* INPUT RECORDS *
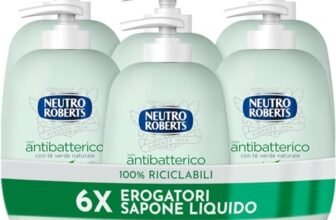 Neutro Roberts, Sapone Liquido Antibatterico, Pelle Sana e Protetta, Té Verde con Ingredienti Naturali – Flacone in Bio Plastica, Riciclabile – Confezione da 6×200 ml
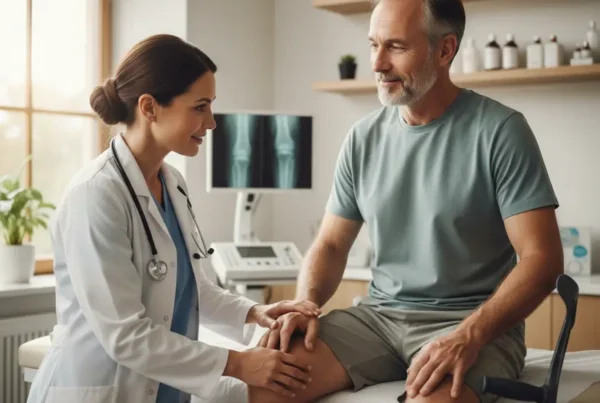 Doctor examining a patient's knee for non-surgical pain treatment in a Florida clinic.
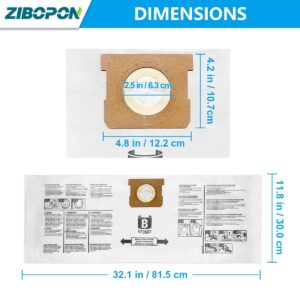 Zibopon VF3503 Vacuum Bags Compatible with Ridgid 5 to 10 Gallon Wet/Dry Vacs, Size B(10 Pack)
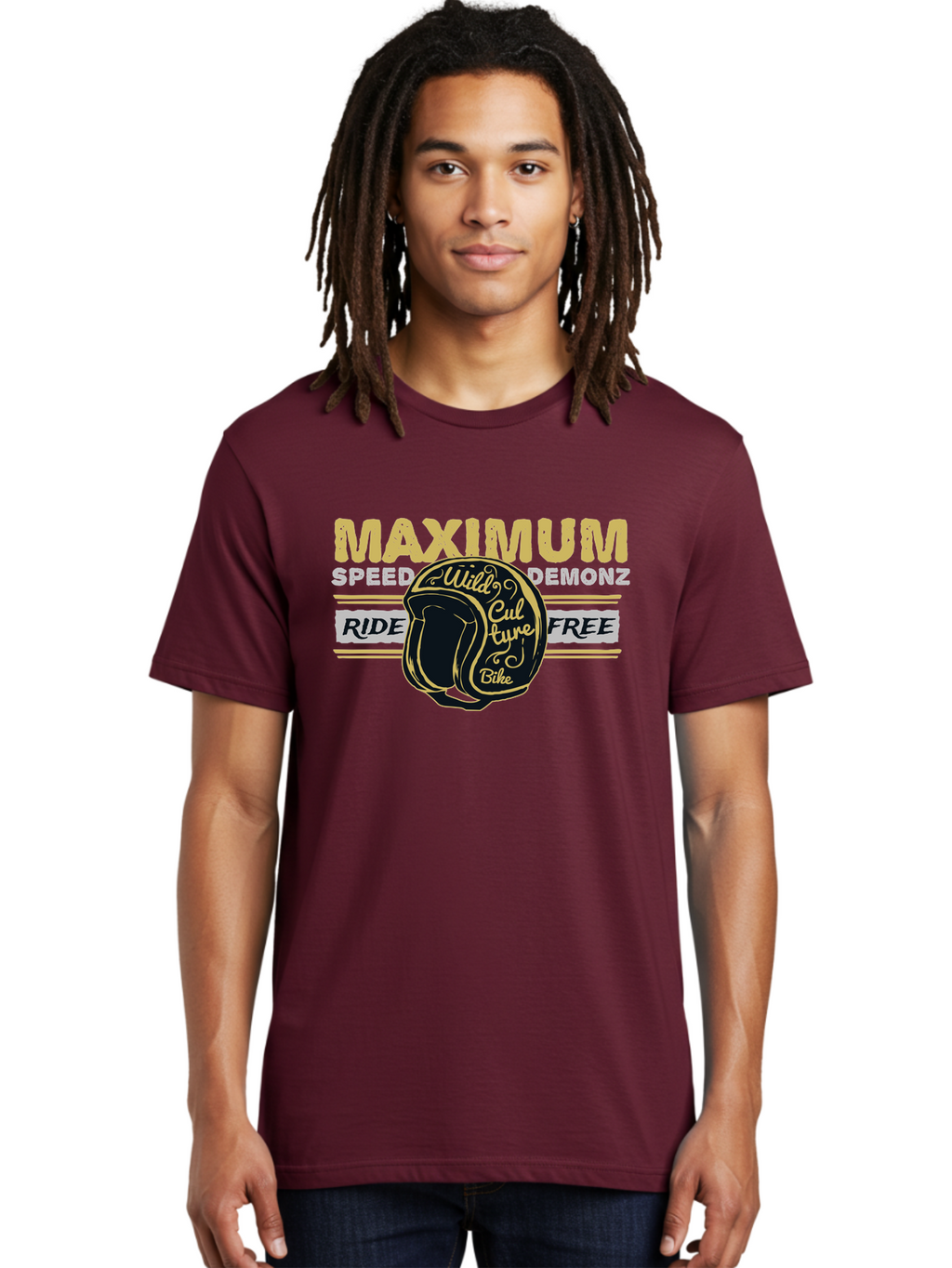 Maximum Speed Demonz Men'S Graphic Tee, 100% Cotton, Comfortable Casual Summer Wear, Machine Washable, Motorcycle Helmet, Wild Culture Bike, Ride Free, Maximum Speed, Demonz, Biker Culture, Freedom Ride Aae493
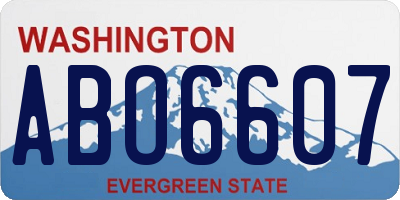 WA license plate ABO6607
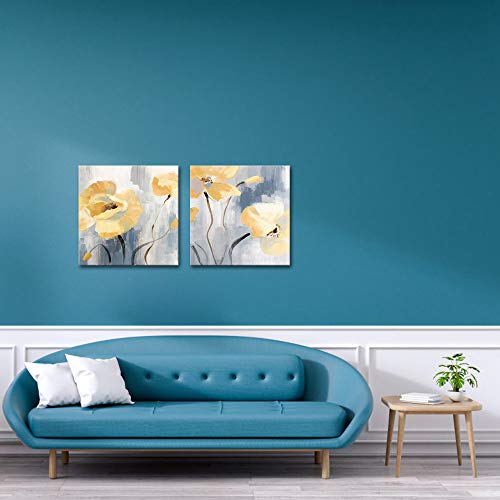 Derkymo 2 Pieces Elegant Yellow Flower Pictures Poppies Flower Canvas Wall Art Yellow And Grey Wall Decor For Home Office Decoration Stretched And Framed Ready To Hang 16"X16"X2Pcs #TOP2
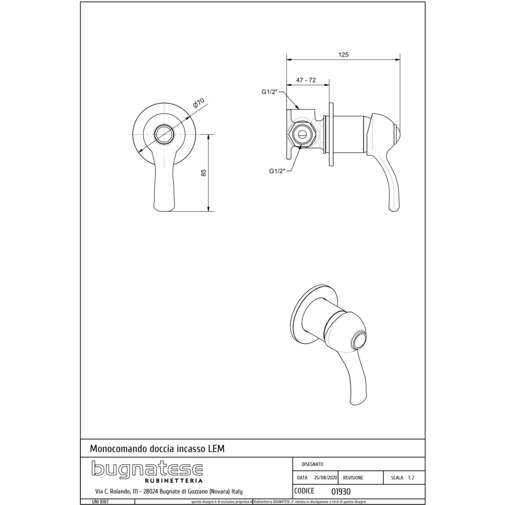 Eingebauter verchromter Duschmischer im klassischen Stil - Lem, Rubinetteria Bugnatese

* THE PROBLEM *
Copy the lines exactly as they appear from the opening of the entries above through the line with "Zibopon VF3503 Vacuum", excluding all pictures.

* EXERCISE OUTPUT *
 Neutro Roberts, Sapone Liquido Antibatterico, Pelle Sana e Protetta, Té Verde con Ingredienti Naturali – Flacone in Bio Plastica, Riciclabile – Confezione da 6×200 ml
 Doctor examining a patient's knee for non-surgical pain treatment in a Florida clinic.
 Zibopon VF3503 Vacuum Bags Compatible with Ridgid 5 to 10 Gallon Wet/Dry Vacs, Size B(10 Pack)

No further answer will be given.